Building and Installing Requirements

  1. Ensure that you have a version of python 3.9 installed on your system. \ We have used Python 3.9.18.

  2. Run the provided bash script setup_project.sh to install the required packages, and setup the virtual environment.

    ./setup_project.sh 

Vosk Setup (Local Voice Recognition)

  1. Download and extract a vosk model from Vosk Models. \ It is recommended to use vosk-model-en-us-0.42-gigaspeech.zip for the highest accuracy.
  2. Move the extracted folder to the root folder of the Python project.

Environment Configuration

Create a .env file in the project root with the following content:

# Open API
OPENAI_API_KEY='Your Open API Key'

# Twilio
ACCOUNT_SID='Your ACCOUNT_SID'
AUTH_TOKEN='Your AUTH_TOKEN'
TWILIO_PHONE_NUMBER='Twilio's phone number assigned to your account'
CAREGIVER_PHONE_NUMBER='The phone number of the caregiver who will receive alerts'

Ensure that the phone numbers are in full international format, starting with 
the '+' sign followed by the country code and the full phone number. This number must
be verified in your Twilio account to recieve messages.

For example:

In Canada, the country code is +1, so the format will be +1XXXXXXXXXX.
If you are using a phone number from another country, replace +1 with the 
appropriate country code for that number.

# Vosk
VOSK_MODEL_PATH='Path to your downloaded Vosk model'

# TTS
TTS_MODEL_NAME='tts_models/en/ljspeech/tacotron2-DDC_ph' 

You can replace the TTS Model with another if you prefer.

# Resident Details
These environment variables are used to personalize the experience based on the resident's details.

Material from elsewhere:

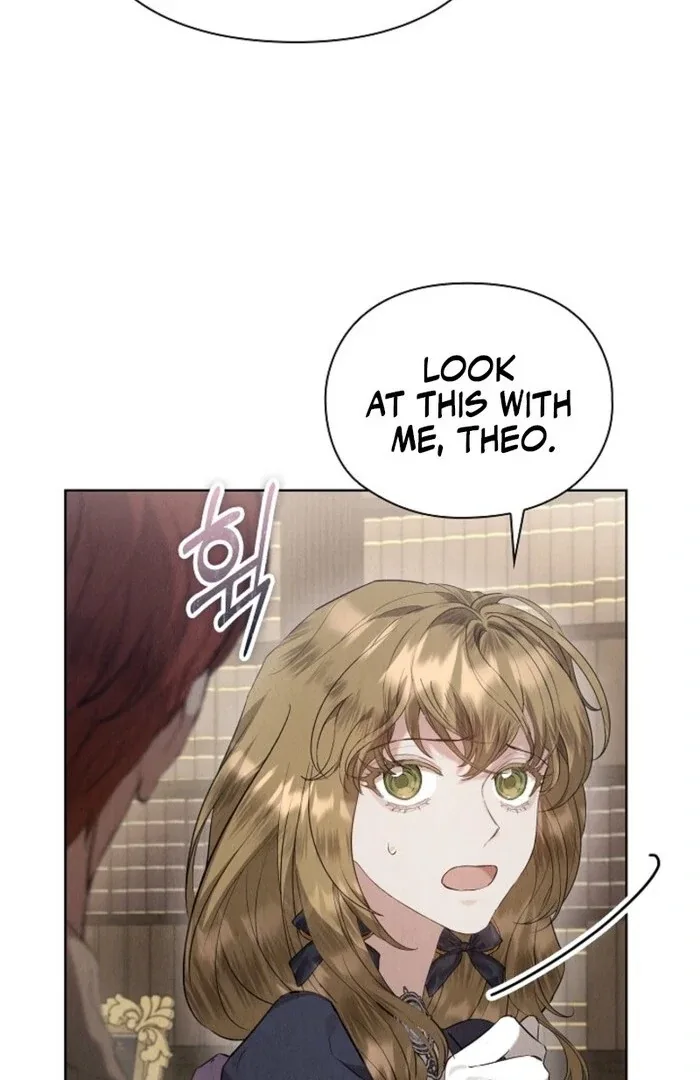 The Extra Decided to Be Fake Chapter 35 page 16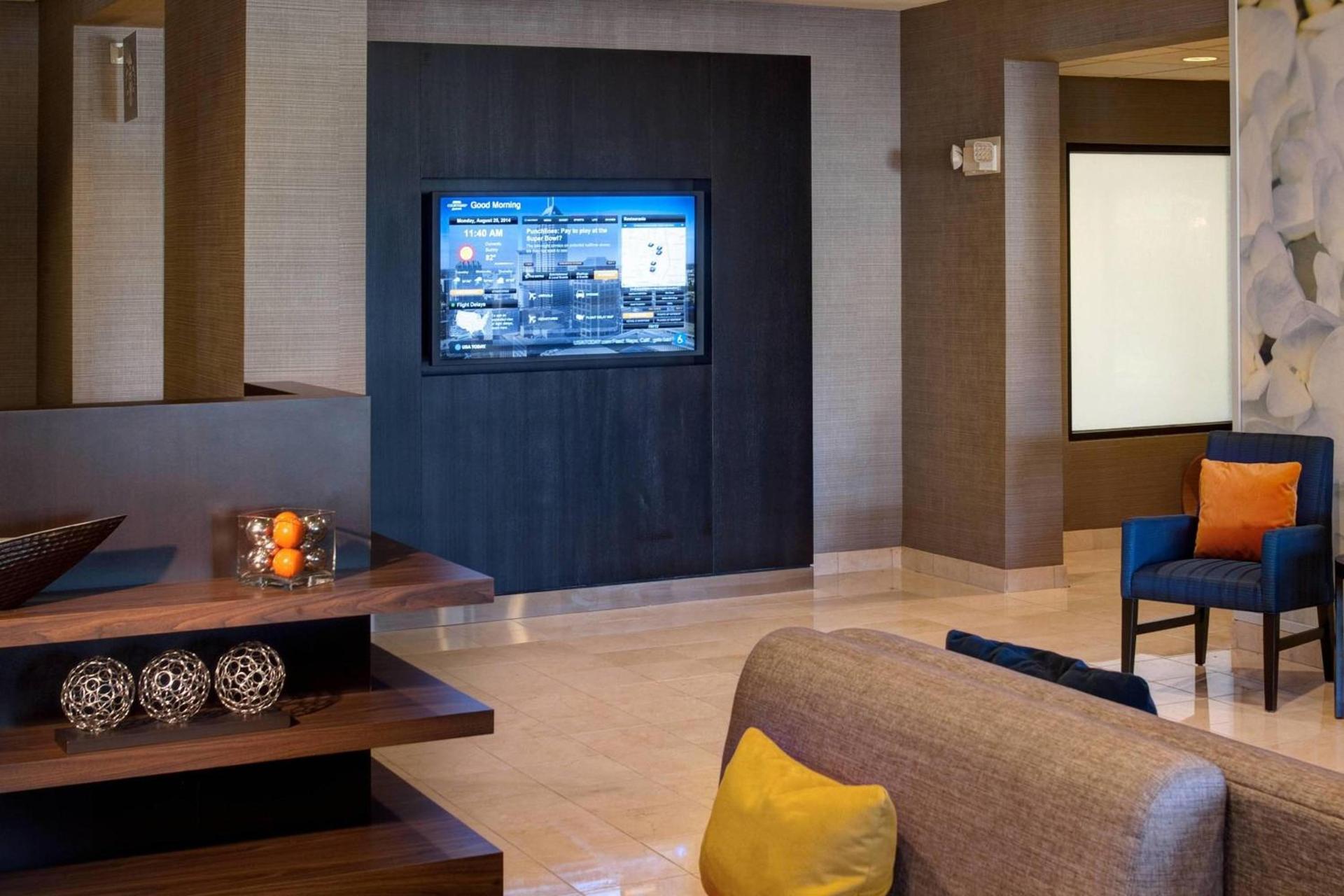 Courtyard by Marriott Kokomo photo 6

RESIDENT_FIRST_NAME='The first name of the resident'
RESIDENT_LAST_NAME='The last name of the resident'
RESIDENT_AGE_YEARS='The age of the resident in years (1-130)'
RESIDENT_SEX='The sex of the resident ("Male" or "Female")'
RESIDENT_MEDICAL_CONDITIONS='A comma seperated list of known medical conditions of the resident'

# Setting Resident Details
Set these variables to reflect the resident's personal information. 
Ensure that the age is an integer between 1 and 130, and the sex is 
specified as either "Male" or "Female" (case insensitive). 
The medical conditions should be a comma-separated list of 
conditions without any special characters.

For example:

RESIDENT_FIRST_NAME='John'
RESIDENT_LAST_NAME='Doe'
RESIDENT_AGE_YEARS=85
RESIDENT_SEX='male'
RESIDENT_MEDICAL_CONDITIONS='mild dementia, mobility issues.'

# CareGiver Details
Ensure that this is not empty.

CAREGIVERS_DESCRIPTION='The role of the Caregiver'

For example:

CAREGIVERS_DESCRIPTION='Is a nurse in charge of taking care of the patient.'

Running the Program

  1. Ensure you have completed the setup instructions above.
  2. Ensure your virtual environment is activated. If it is not activated run the following command.
    source venv/bin/activate

Running as a Terminal Application

To run the program as a terminal application, use the following command:

python3 /path/to/your/main.py

Running as a Web Application with a User Interface

To run the program as a web application with a user interface, use the command:

streamlit run /path/to/your/main.py

Please adjust the /path/to/your/main.py with the actual path to your main.py file on your system.